The Committee on Foreign Investment in the United States’ (“CFIUS”) annual report for activities conducted during calendar year 2022 shows another increase in activity, further emphasizing the committee’s active role in reviewing transactions involving foreign investors in the United States. The public version of the report, released on July 31, 2023, covers another eventful period for CFIUS, in which President Biden issued an executive order to expand on the risk factors for CFIUS to consider when evaluating transactions (see our Legal Update on the order), and CFIUS released its first-ever enforcement and penalty guidelines (see our Legal Update on these guidelines).
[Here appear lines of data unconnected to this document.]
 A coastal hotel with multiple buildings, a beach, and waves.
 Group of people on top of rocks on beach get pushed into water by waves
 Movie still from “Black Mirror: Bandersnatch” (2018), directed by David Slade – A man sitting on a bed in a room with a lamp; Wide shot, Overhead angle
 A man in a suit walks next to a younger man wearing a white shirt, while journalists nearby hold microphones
CFIUS reviewed or assessed a total of 440 covered transactions in 2022, a slight increase from 2021 (when it reviewed or assessed 436 covered transactions). For the first time since the practice was introduced in 2018, use of a short-form Declaration decreased slightly in 2022, when 154 Declarations were submitted, compared to 164 in 2021. This change may reflect a sentiment among investors and US business owners that CFIUS frequently responds to a Declaration by requesting that the parties submit a long-form Notice, and thus a safer course is to simply submit a Notice from the outset. The annual report lends credence to this theory; CFIUS requested a Notice for approximately one-third of the Declarations it assessed in 2022, up from approximately 18 percent in 2021.
The report shows no slowdown in the Notices that CFIUS reviewed, however. In 2022, CFIUS reviewed a record 286 Notices, up from the 272 it reviewed in 2021 (which was itself a record). CFIUS conducted a subsequent investigation for 162 of these Notices, an uptick compared to 2021, although still roughly in line with trends from previous years.
2022 also saw a marked increase in the number of Notices involving investors from Singapore. CFIUS reviewed 37 such Notices, accounting for about 13 percent of all Notices reviewed (by comparison, in 2021 investors from Singapore were involved in about 5 percent of the Notices that CFIUS reviewed). Investors from China also accounted for almost 13 percent of Notices in 2022, compared to roughly 16 percent in 2021.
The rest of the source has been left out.